There is a lot more to coaching Little League players than just teaching the basics of baseball. Kids don’t naturally get better at the sport after learning the basic hitting, catching, and pitching skills set. Baseball involves accuracy, hand-eye coordination, dexterity, timing, footwork, and other skills, which is why repetition is important in helping young players improve.
Most coaches try to train kids’ reflexes and muscle memory. However, most children are too young to do pressing exercises (like the Arnold Press or rack pulls) that adult players do. This is where drills come in. But not all drills are effective; some only frustrate young players.
Longtime coaches recommend the following drills for developing baseball strengths.
Although it seems like a basic drill, especially for players who can already receive pitches, tee hitting can be beneficial for hitters of all ages and levels. Hitting off a tee helps beginners flatten their swing and make solid contact with the ball. For more advanced players, tee hitting can help coaches and batters examine each aspect of the swing. The ball stays fixed, so the only variables revolve around the player’s swing and stance.
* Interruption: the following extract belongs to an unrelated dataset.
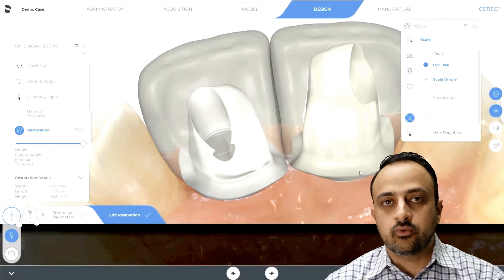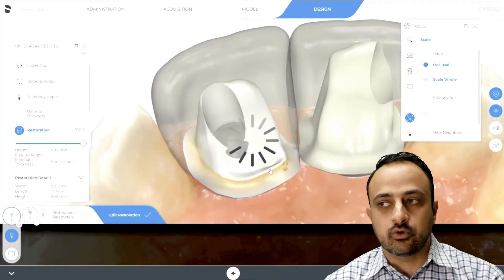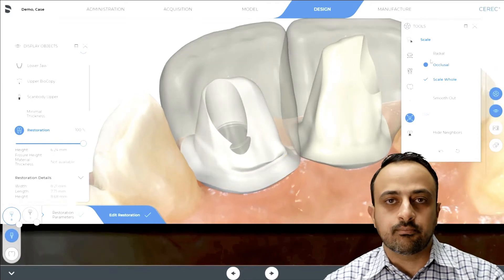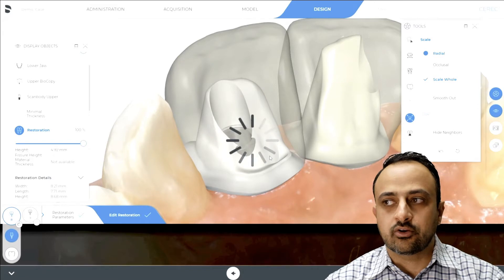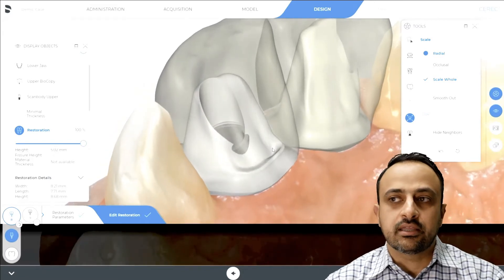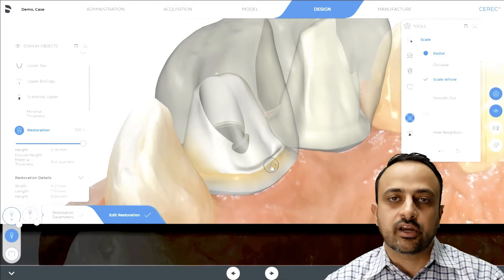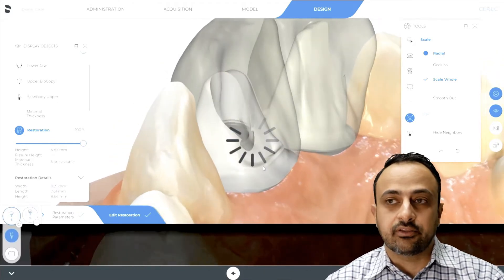Typically when you split your restoration you may not get the most ideal design for the axial walls of your cement retained abutment. If you notice here, there are these little wrinkles at the base near the margin, and it can be difficult to remove and correct them. If you try using the scale occlusal it can end up making it worse, and sometimes using the scale radial doesn't correct it exactly the way we want.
For this drill, place the tee on the home plate and have the batter step into the box. With their feet together, players should stride toward the ball and swing, making sure to maintain pressure on their back foot for solid footing.
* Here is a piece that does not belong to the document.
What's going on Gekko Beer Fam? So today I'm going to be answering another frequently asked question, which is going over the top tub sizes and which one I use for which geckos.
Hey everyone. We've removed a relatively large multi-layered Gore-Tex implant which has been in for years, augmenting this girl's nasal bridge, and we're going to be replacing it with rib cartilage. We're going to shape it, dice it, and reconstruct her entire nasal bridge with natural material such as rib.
This helps perfect the stance and form of a player while hitting, resulting in more powerful and more controlled swings. To know whether the kids’ batting skills are improving, a laser speed radar gun can help determine if their hits are getting stronger over time without affecting the swing direction.
Unzip and Release Drill
The Unzip and Release Drill is similar to the common warm-up game of catch. But this version analyzes each component of the throw, helping young players throw with accuracy and precision. The kids form two lines facing each other and toss the ball back and forth, just like in catch. Have the players freeze in different parts of the game so they can concentrate on the next step of the entire motion.
As the players are getting ready to throw, they will “unzip,” which means winding the pitch as far as they can and then releasing the ball when their hand is overhead. Holding their positions, you will then examine everyone’s form and correct those who aren’t winding up correctly.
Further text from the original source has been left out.